You can also pass the functions to the simulate function, something like:

function simulate(
    initial_point; # some vector
) where {F<:Function,G<:Function,H<:Function}
    # iterate calling `compute_forces`, etc.

# run with any definition of the functions

my_forces(x) = ...
my_properties(x) = ...
my_sampling(x) = ...

    compute_forces = my_forces,
    compute_properteis = my_properties,
    sampling_method = my_sampling,

You adjust the calling side by using closures, i. e.,

my_forces(x,masses) = # something that needs the mass

    compute_forces = (x) -> my_forces(x,masses)

If the inner call of the functions in simulate can require different sets of parameters.


Thanks for the hints. Performance would actually be important. Would you recommend your option 1) or 2) then?
Sorry for the late response, was on holiday last week.

Thanks for the advice, this way seems to be straight forward. I think, I will try this first.

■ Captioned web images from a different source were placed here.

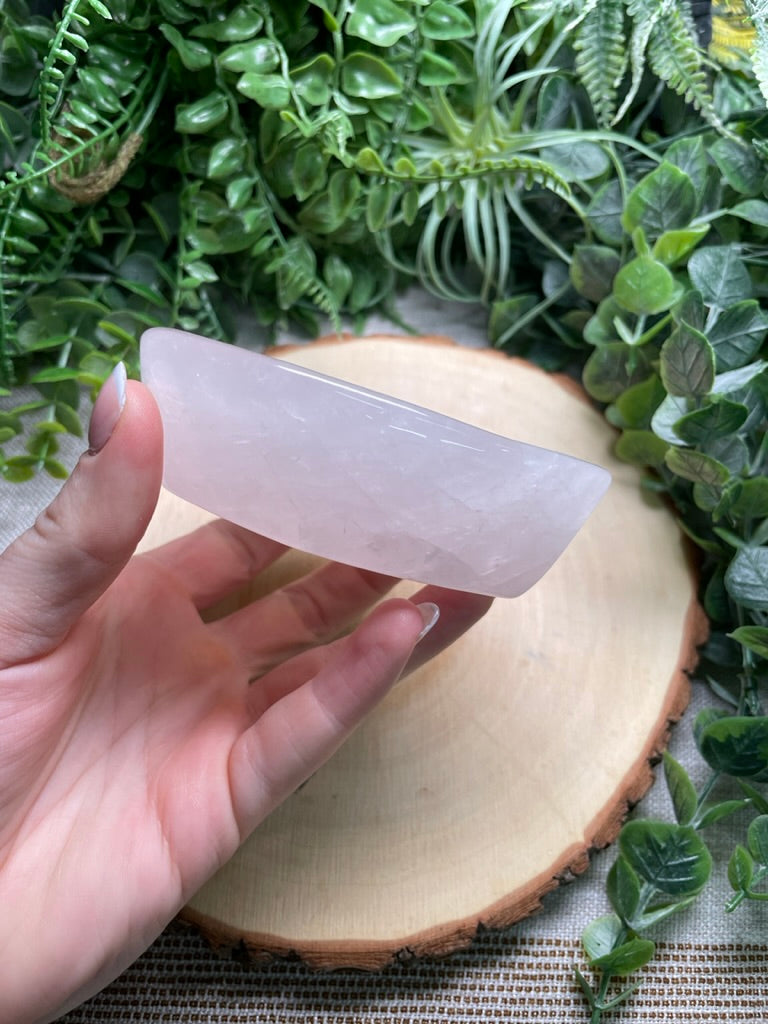 Rose Quartz Heart Dish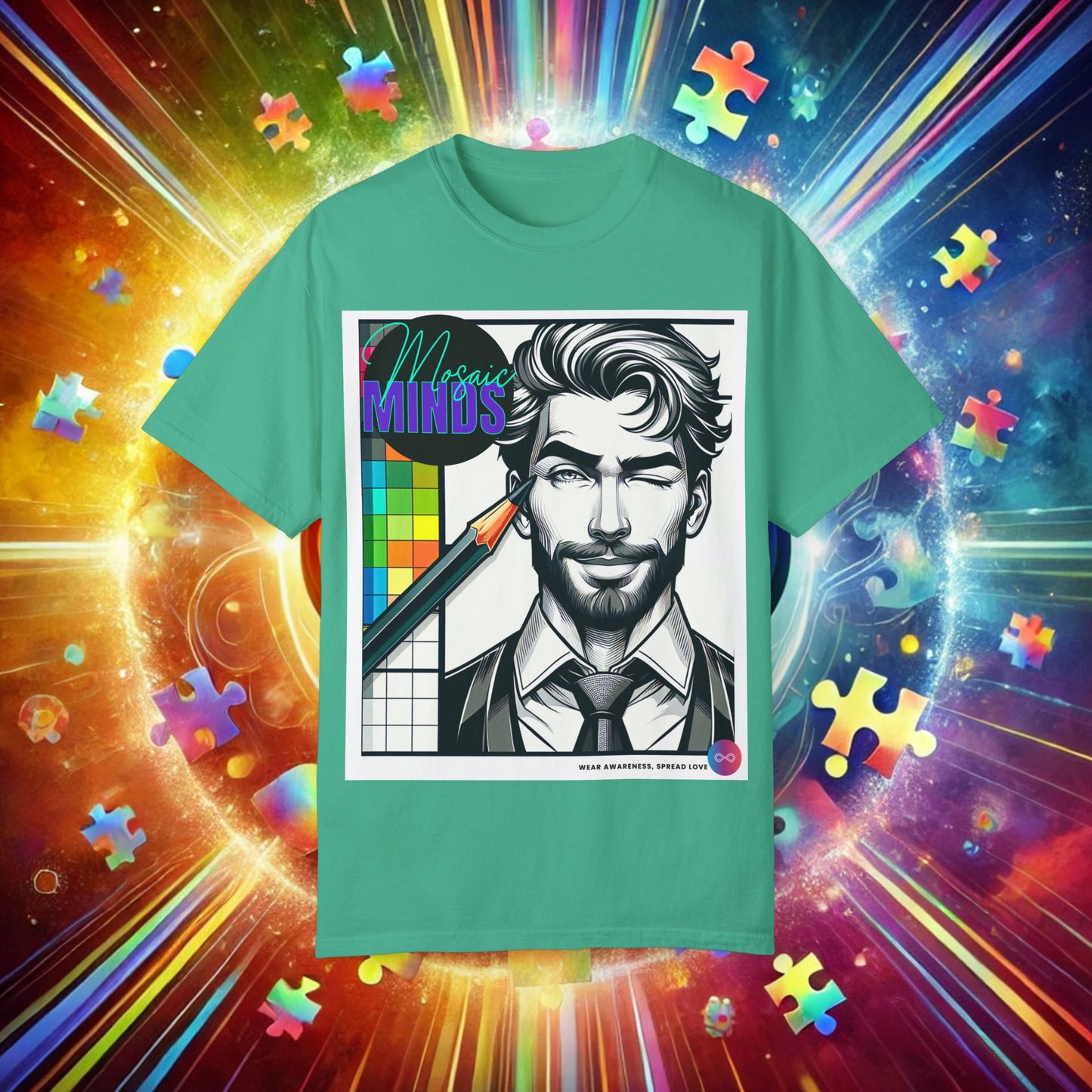 Autism Awareness T-Shirt - Unisex Garment-Dyed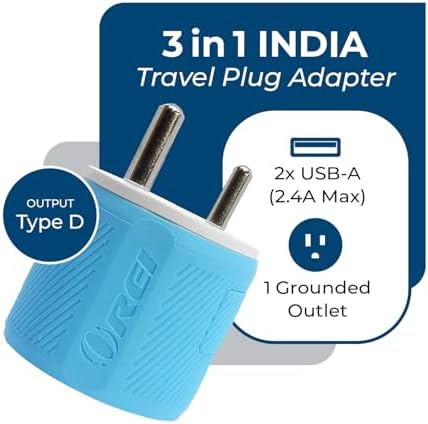 OREI Switzerland Travel Plug Adapter with Dual USB Ports – Ultimate Type J Charging Solution for USA Devices – Fast, Efficient Power for i Phones, Laptops, Tablets & More – Essential Travel Accessory for Hassle-Free Connectivity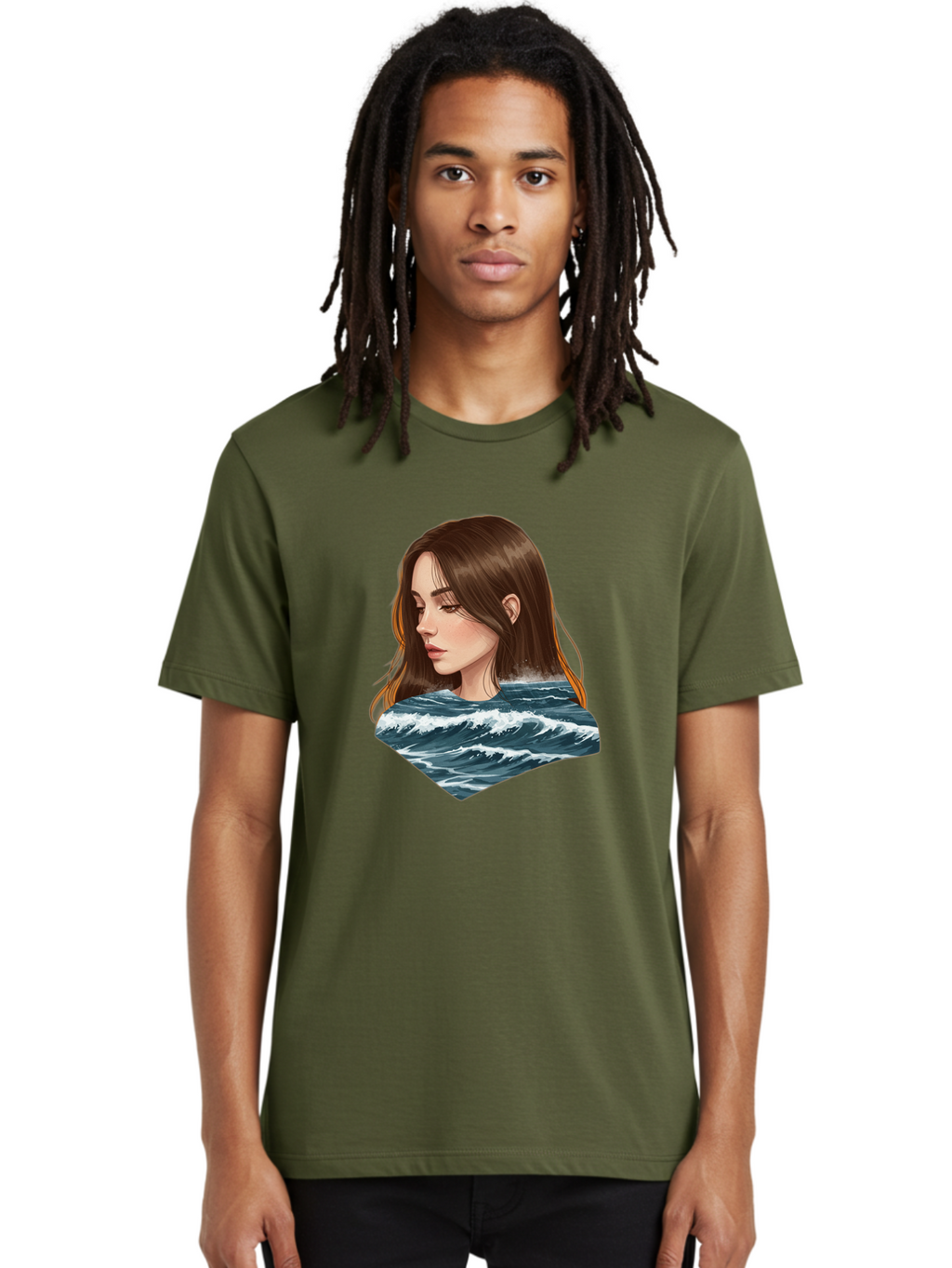Woman-Emerging-From-Waves Men'S Graphic Tee, 100% Cotton, Comfortable Casual Summer Wear, Machine Washable, Vintage Camera, Old Camera, Antique Camera, Black Camera, Classic Photography, Photography Equipment, Nostalgic Device, Film Camera, Bal627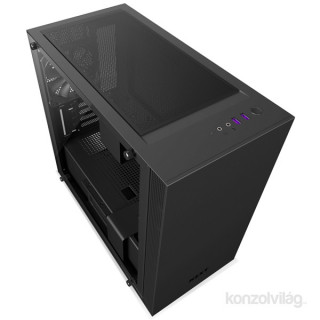 NZXT H400 Fekete (Táp nélküli) ablakos mATX ház PC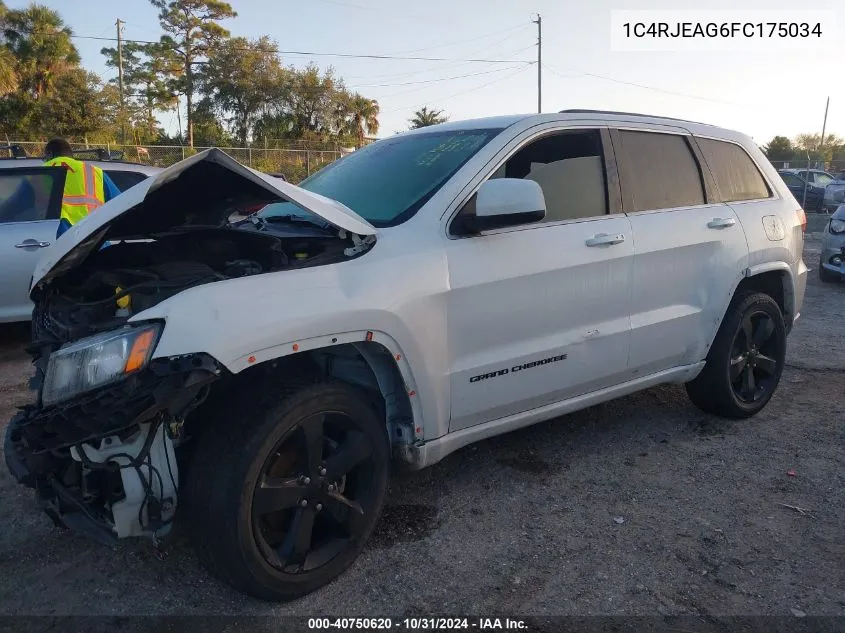 2015 Jeep Grand Cherokee Altitude VIN: 1C4RJEAG6FC175034 Lot: 40750620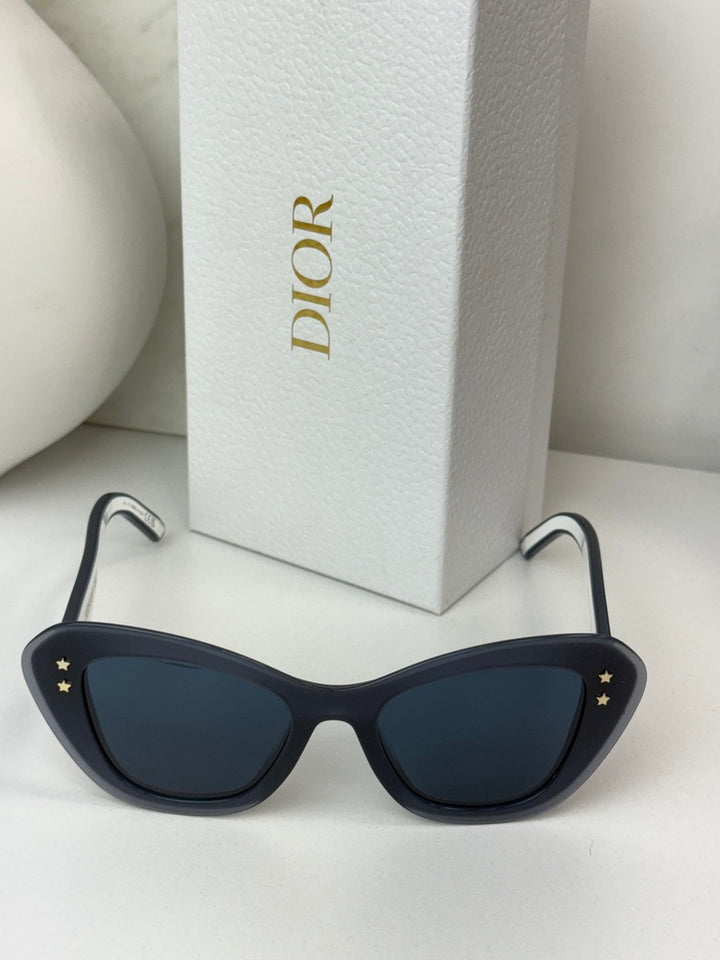 Dior Pacific B3U Cat Eye Sunglasses in Navy Blue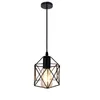 Chandeliers Nordic Retro Industrial Chandelier Creative Personality Modern Simple Bar Bedroom Aisle Black Three-head Small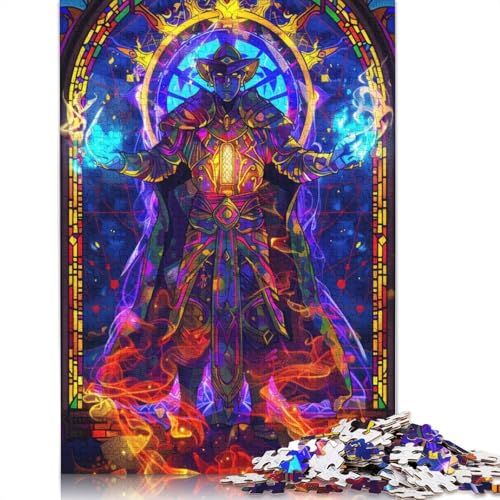 Puzzle für Erwachsene, 1000 Teile, Buntglas-Magier-Puzzle, Puzzle für Erwachsene, Lernspiel, Herausforderungsspielzeug, 1000 Teile (38 x 26 cm) von GQmoney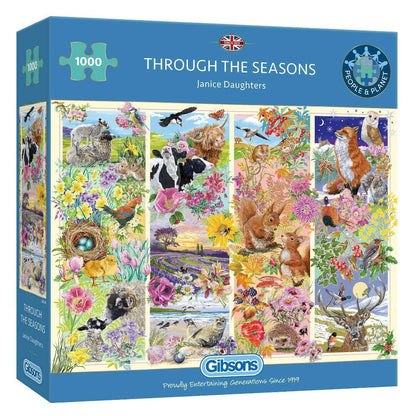 Toys N Tuck:Gibsons 1000 Piece Puzzle Through The Seasons,Gibsons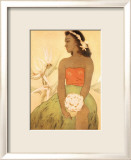 Hula Dancer Print by John Kelly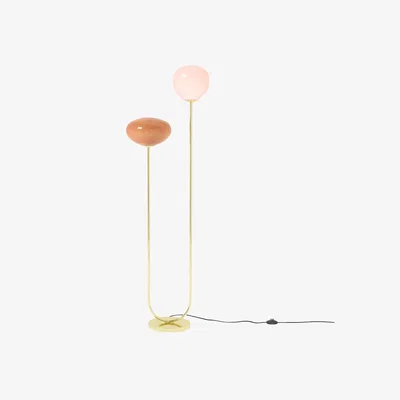 John Lewis MADE Adrienne Glass Shades Floor Lamp, Pink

Functional Julia isn’t as easy to make performant due to its functional primitives e.g. map being allocating operations. For performance it’s much easier to go with a procedural approach. Your C++ code should translate very well to Julia as all types should already be stable (due to C++'s static-typed-ness).

1 Like

Well, there’s always map!.

Yes, C++ and Julia are not that different. I think the main differences are:

  1. Julia is less featureful in the way of inheritance (only abstract types may be inherited from)
  2. Julia uses a JIT to compile code that couldn’t compile in C++, due to the static nature of the C++ type system

Coming from C++, i.e., a more imperative background, option 1 might be easier. Functional programming might require some rethinking, but in my experience often leads to more modular code that is also easier to reason about. It can require some experience to make it perform well, though.
In any case, maximum performance usually needs some manual help regarding memory allocations, e.g., reusing pre-allocated buffers to avoid unnecessary allocations via in-place operations such as map! (which has already been suggested). Interpreted strictly, i.e., a la Haskell, such code would not be considered “functional” any more by everyone.